In a Feb. 23 telegram addressed to President Sergio Mattarella, Pope Francis said that it was “With pain I learned of the tragic attack that happened in the Democratic Republic of the Congo,” during which Italian ambassador to the Congo, Luca Attanasio, Italian military policeman Vittorio Iacovacci, and their Congolese driver Mustapha Milambo, were killed.
“I express my heartfelt sorrow to their families, to the diplomatic corps, and the police force for the departure of these servants of peace and right,” he said, calling Attanasio, 43, “a person of remarkable human and Christian qualities, always a prodigy in establishing fraternal and cordial relations, for the restoration of serene and concordant relations within that African country.”
Francis also remembered Iacovacci, 31, and who was supposed to get married in June, as “an expert and generous in his service and near to beginning a new family.”
“While I raise prayers of suffrage for the eternal rest of these noble sons of the Italian nation, I urge trust in the providence of God, in whose hands nothing is lost of the good done, even more so when it is confirmed with suffering,” he said, offering his blessing “to the families and colleagues of the victims and to all those who weep for them.”
Attanasio, Iacovacci, and Milambo were killed during a firefight Monday near the city of Goma, capital of the Democratic Republic of the Congo’s North Kivu province, which for years has been ravaged by conflict.
According to a statement from UN Spokesman Stephane Dujarric, the incident happened while representatives from the UN World Food Program (WFP) were traveling from Goma to Rutshuru, in eastern Congo, where they were planning to visit a WFP school feeding program.
The group, which traveled in two separate vehicles, consisted of five WFP employees who were accompanying Attanasio and his security escort.
After roughly an hour on the road, the vehicles were stopped by what Dujarric described as “an armed group,” and all passengers were asked to get out of the cars, after which Milambo was killed.
The remaining six passengers, including Attanasio, were then forced at gunpoint into brush along the side of the road. A firefight ensued, during which both Attanasio and Iacovacci were fatally shot.
Indicating that the motive for the incident was an attempted kidnapping, Dujarric said the other four passengers evaded their “captors” and are all “safe and accounted for.”

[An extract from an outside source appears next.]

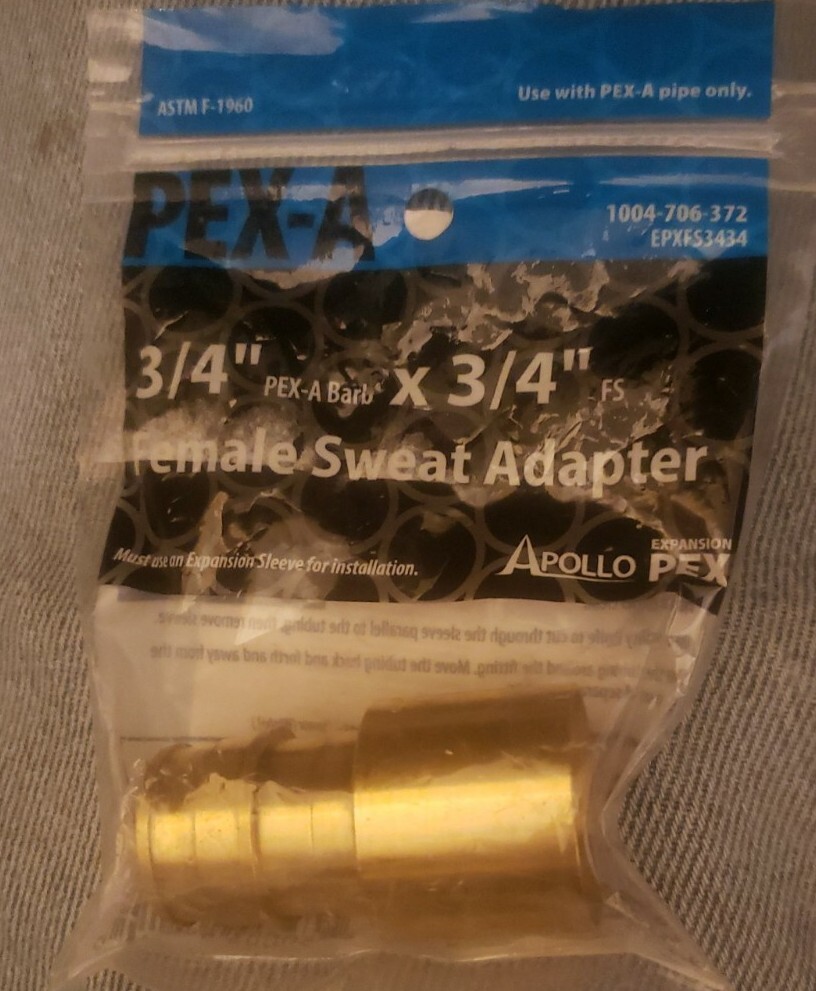 Apollo Valves EPXFS3434 PEX-A Barb Adapter, Brass, 1.83 Inch X 3/4 Inch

Attanasio leaves behind his parents, his wife, and their three daughters.
In comments to Italian news agency ANSA, Attanasio’s father Salvatore said his son was happy about his assignment to the DRC.
“He told us what the objectives (of the mission) were,” Salvatore said, recalling how his son “was always a person who focused on other people. He always did good. He was driven by high ideals and was capable of involving anyone in his projects.”

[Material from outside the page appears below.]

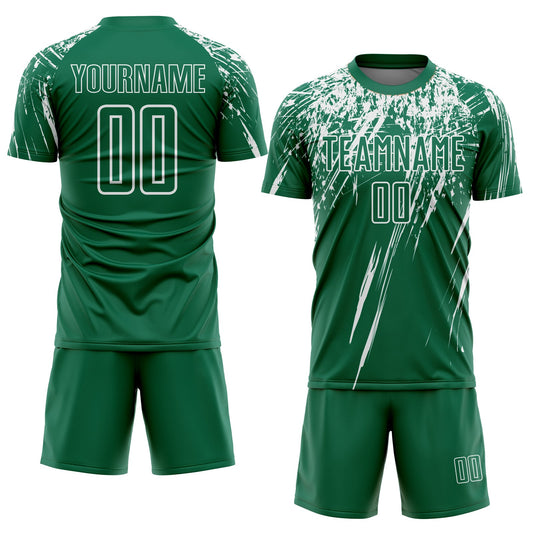 Custom Kelly Green White Sublimation Soccer Uniform Jersey - Sky-Custom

Salvatore described his son as an honest and fair man, who never fought with anyone.
When he learned of his son’s death, Salvatore said it was like “the memories of a lifetime passed by in 30 seconds. The world caved in on us.”

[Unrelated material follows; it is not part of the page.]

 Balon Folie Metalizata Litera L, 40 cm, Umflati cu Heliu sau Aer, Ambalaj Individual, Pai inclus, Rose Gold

“Things like this are unjust. They should not happen,” he said, adding that “life is over for us now. It is necessary to think of the grandchildren…these three kids had green pastures ahead of them with a father like that. Now they don’t know what has happened.”
In the wake of Monday’s tragic events, the UN Department of Safety and Security is expected to review the incident, Dujarric said, adding that both the DRC and Italian authorities will also be making their own probes.
In a statement earlier this month, The Office of the United Nations High Commissioner for Human Rights (OHCHR) warned that there had been a significant increase in attacks in civilian areas in eastern Congo, where Attanasio and the WFP representatives were traveling.
According to UN figures, nearly 850 civilians were killed by militants belonging to the Allied Democratic Forces in Ituri and North Kivu provinces in 2020. Between Dec. 11, 2020 and Jan. 10, 2021 alone, at least 150 were killed in eastern Congo and some 100 others were kidnapped.
The violence has also caused a massive humanitarian crisis in which some 5 million people in the east have been displaced and 900,000 have fled to neighboring countries.